How to obtain the azimuth looking angle in sentinel 1 images through SNAP?

Hello all,

Can someone clarify how to obtain the Azimuth angle from sentinel 1 images using SNAP?

I need the azimuth angle to find the relative wind direction. I’m’ following the instruction described in the study “Using Sentinel-1 SAR satellites to map wind speed variation across offshore wind farm clusters” by S F James.

The azimuth angle can be calculated from the corner coordinates of each image. These are found in the .manifest meta data file
that comes with each Sentinel-1 data file. The look direction is given by the bearing from the 1st to the 2nd or from the 4th to the 3rd corner coordinates.
Can someone point me out where to find the corner coordinates of the image in the .manifest meta file?

Hello,

you can find it in the footprint tag. In my file it is at line 219-221.

The related documentation is in the Sentinel-1 Product Specification in Table 6-7 page 93.

But you might want to look at these threads too:

1 Like

You should be careful on how to derive the azimuth angle, for two reasons.

  • First, because the order of the points within the coordinates is not specified. It may change at any time (even if I am not aware of any change planned in near future on this domain).

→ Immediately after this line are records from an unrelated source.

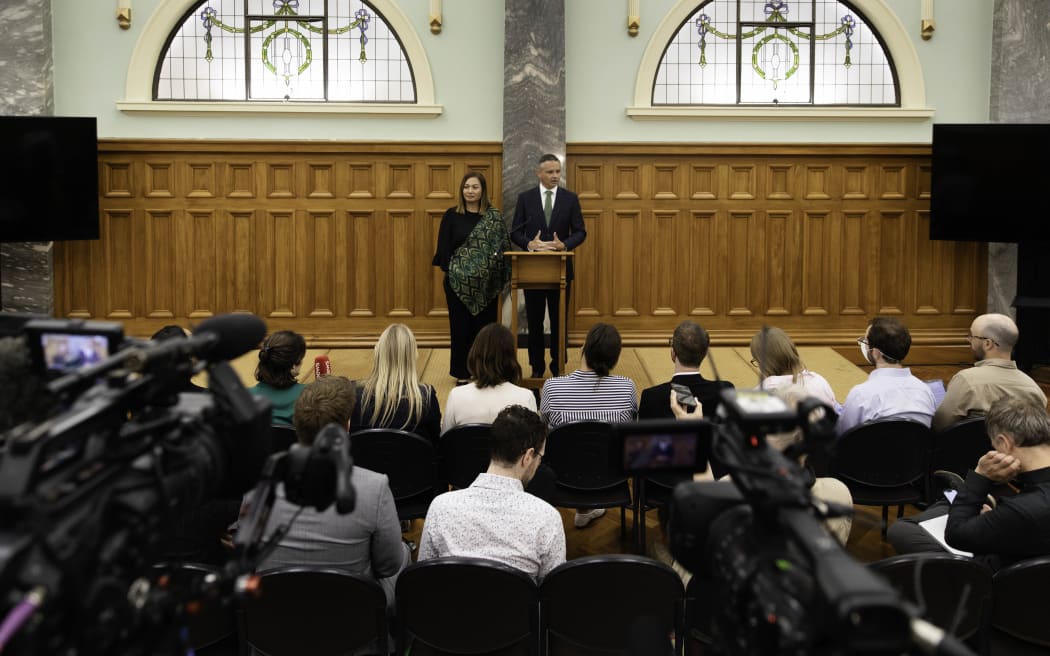 James Shaw, right, announces his resignation as Green Party co-leader at a media conference with co-leader Marama Davidson at Parliament on 30 January 2024.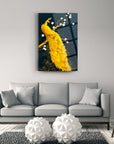 Elegant yellow peacock glass art on a wall above a modern gray sofa in a stylish interior.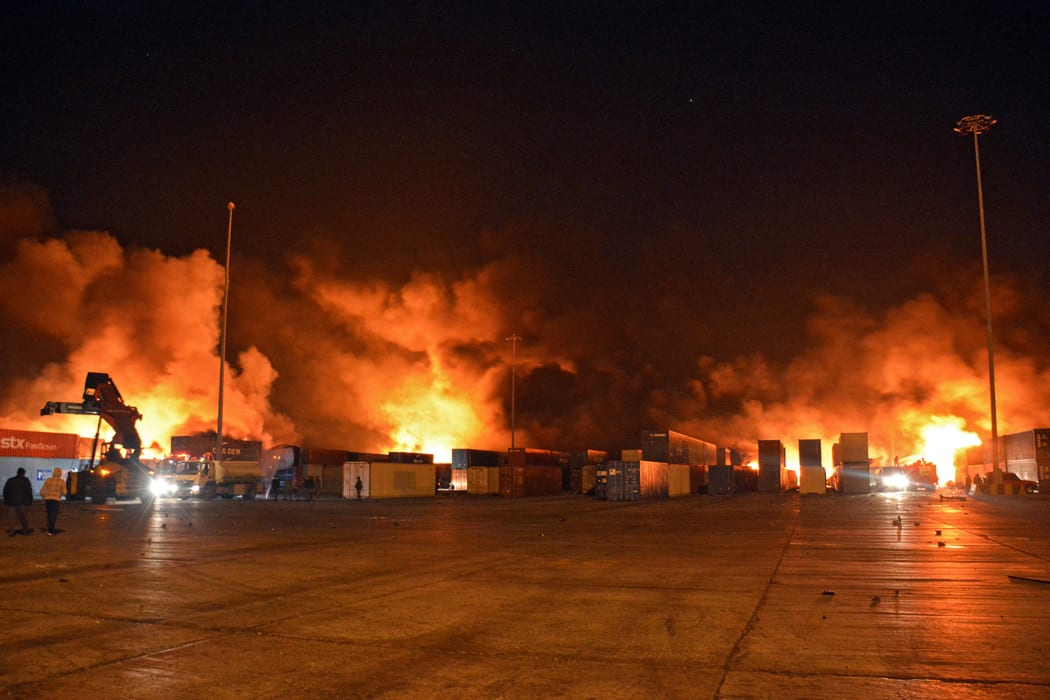 Firefighters battle the blaze at Syria's Latakia port after an Israeli air strike.
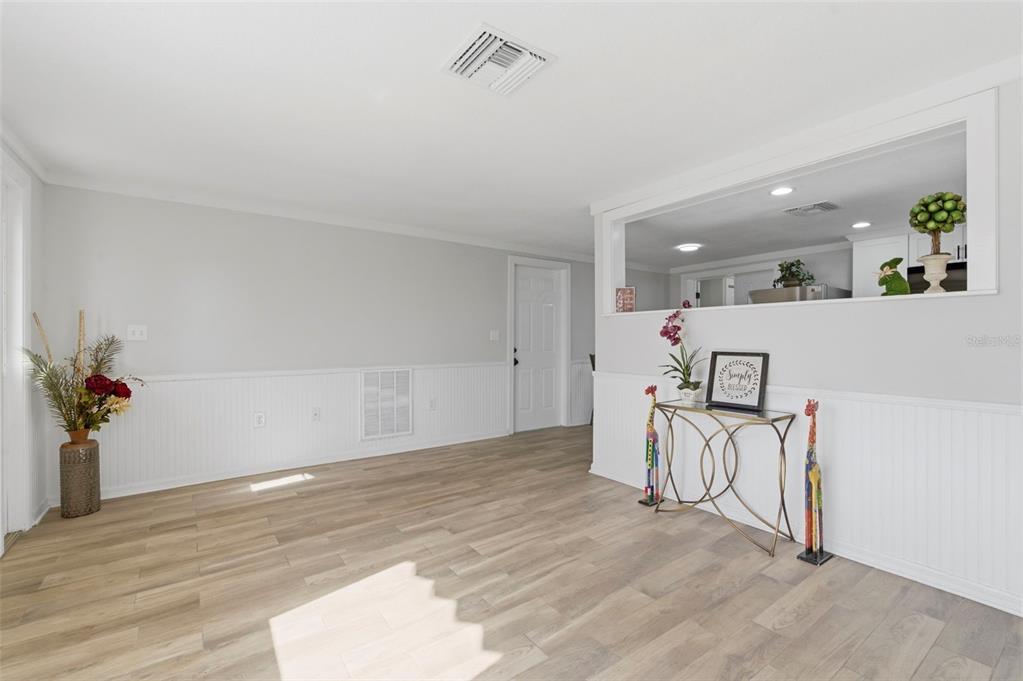 9033 Pegasus Avenue Port Richey, FL 34668 - Photo 7 of 56 wooden floor with white walls and white walls
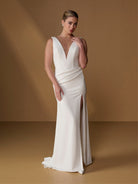A woman models a floor-length ivory wedding gown with a deep V-neckline, draped bodice, and thigh-high front slit, posed against a warm tan studio backdrop. / Slim gown with draped back and slit skirt.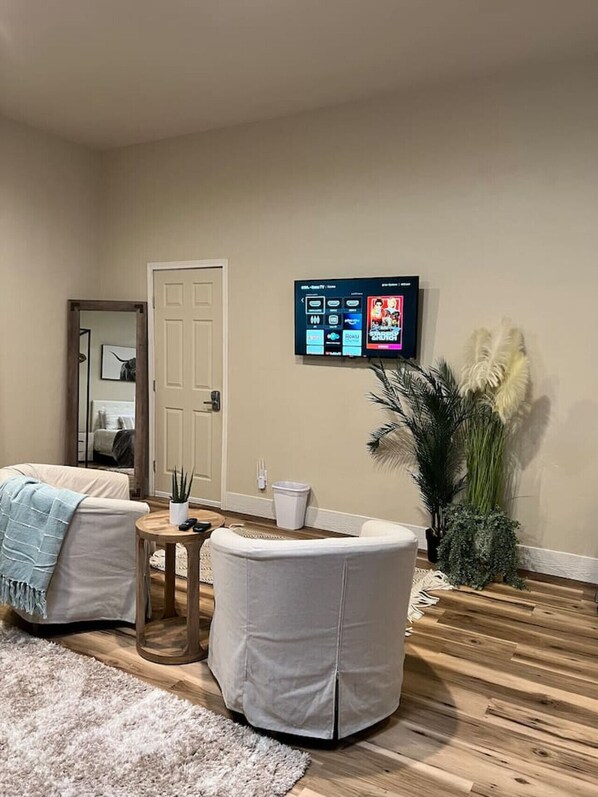 Una sala de estar con un televisor de pantalla plana montado en la pared, una puerta, una mesita con una planta y una planta grande en maceta.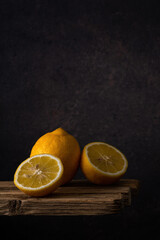 whole and halves of a fresh ripe lemon lie in a group on an old plank table against a dark soft background. side view. moody vertical artistic photo with copy space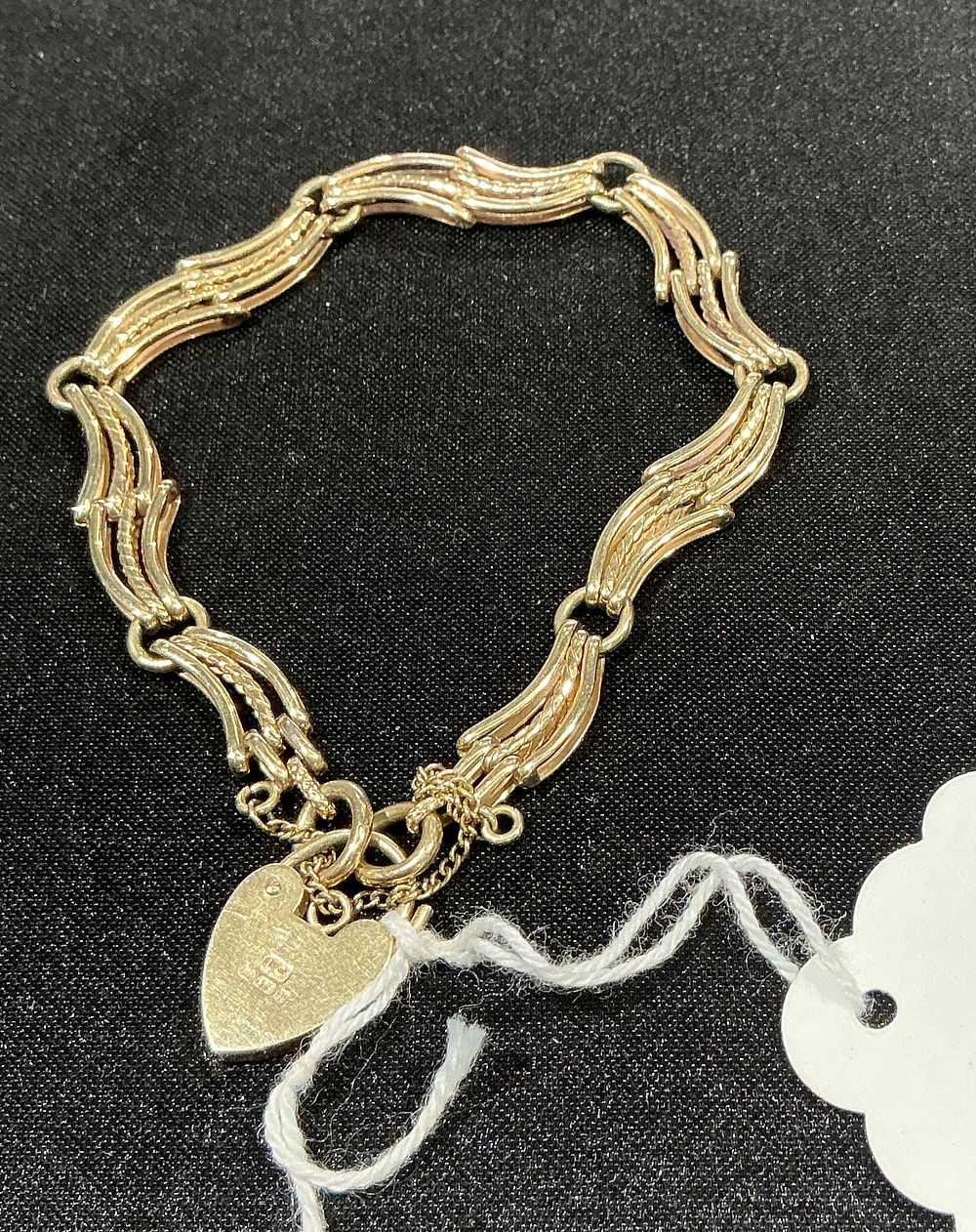 Lot 153: A 9ct Yellow Gold Gate Link Bracelet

  • Second, because what you are looking for is the direction of an azimuth line toward north within a product. This direction is varying within the product footprint. Below is an example of the planar angle between azimuth line and North on an EW product near the coast of Iceland. Red is around -8 degrees. Blue is -20 degrees. This is varying both in range and azimuth.

A proper way to compute this angle from level 1 product is to extract the geographic location of series of points within the image and then to compute the direction toward the north of points located in the same azimuth line.
This can be done inter alia by considering the positions of grid control points provided in the annotations of the products (their precision should be sufficient for this).

Furthermore, If you are interested in wind fields computed on Sentinel-1 imagery, you should probably have a look to the Level 2 / OCN products.
https://sentinel.esa.int/fr/web/sentinel/user-guides/sentinel-1-sar/product-types-processing-levels/level-2

Those products are available on the ESA data access hub (scihub, …).
They are composed of NetCDF file containing three types of measurement:

  • Radial Velocity
  • Swell estimation (only over WV and SM acquisition for the moment)
  • Wind measurement (all modes) including wind speed, direction, and the auxiliary information, including this heading angle, incidence angle, normalised radar cross section (nrcs) denoised or not, a priori wind speed and direction from ECMWF model, etc at 1km resolution

The complete wind inversion algorithm is described in this document:
https://sentinel.esa.int/fr/web/sentinel/user-guides/sentinel-1-sar/document-library/-/asset_publisher/1dO7RF5fJMbd/content/sentinel-1-ocean-wind-fields-owi-algorithm-definition

Those products are calibrated and monitored. Their performances are exposed in series of annual performance reports. For instance this one for 2022:
https://sentinel.esa.int/fr/web/sentinel/user-guides/sentinel-1-sar/document-library/-/asset_publisher/1dO7RF5fJMbd/content/sentinel-1-annual-performance-report-2022

As those OCN products contain series of gridded auxiliarry information, they contain all the information required for user to easily recompute wind speed with alternative algorithms if required.

PS: Bearing between two points can be found using pyproj
https://pyproj4.github.io/pyproj/stable/api/geod.html

2 Likes

If you are interested by wind speed measured at higher resolution and/or at other altitudes than 10m under neutral wind conditions, and/or wind ressource assessment, you may be interested by publications like the following ones:

de Montera, L., Berger, H., Husson, R., Appelghem, P., Guerlou, L., & Fragoso, M. (2022). High-resolution offshore wind resource assessment at turbine hub height with Sentinel-1 synthetic aperture radar (SAR) data and machine learning. Wind Energy Science , 7 (4), 1441-1453.

Cathelain, M., Husson, R., Berger, H., & Fragoso, M. (2023, April). Estimation of Wind Resource Assessment at High-Resolution Using SAR Observations, Validated with Lidar Measurements. In Offshore Technology Conference (p. D031S035R001). OTC.

2 Likes

Thank you for your help.Can you explain to me in more detail how did you get to the varying angles of -8 and -20 in that image?How would i compute the direction toward the north of the points in the same azimuth line?